== Information shown ==
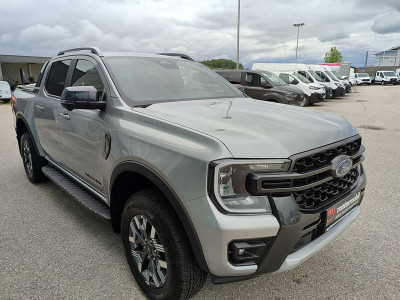 Ford Ranger Neuwagen Ford Ranger Neuwagen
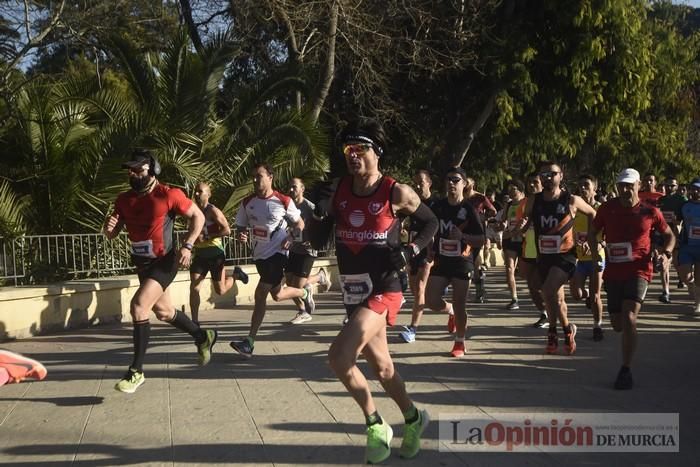 Carrera 'Save the children' en Murcia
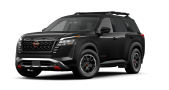 2026 NISSAN Pathfinder ROCK CREEK - Exterior view - 1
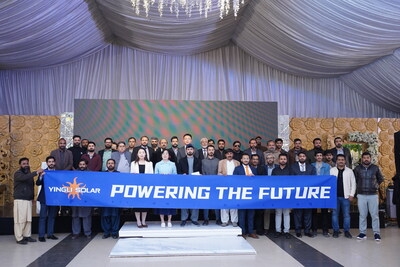 Yingli Solar's Global Product Workshop Successfully Held in Pakistan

== Description of the task ==
The answer should be the full material above, printed exactly, with no pictures in it.

== Result below ==
 Ford Ranger Neuwagen Ford Ranger Neuwagen
 Carrera 'Save the children' en Murcia
 2026 NISSAN Pathfinder ROCK CREEK - Exterior view - 1
 Yingli Solar's Global Product Workshop Successfully Held in Pakistan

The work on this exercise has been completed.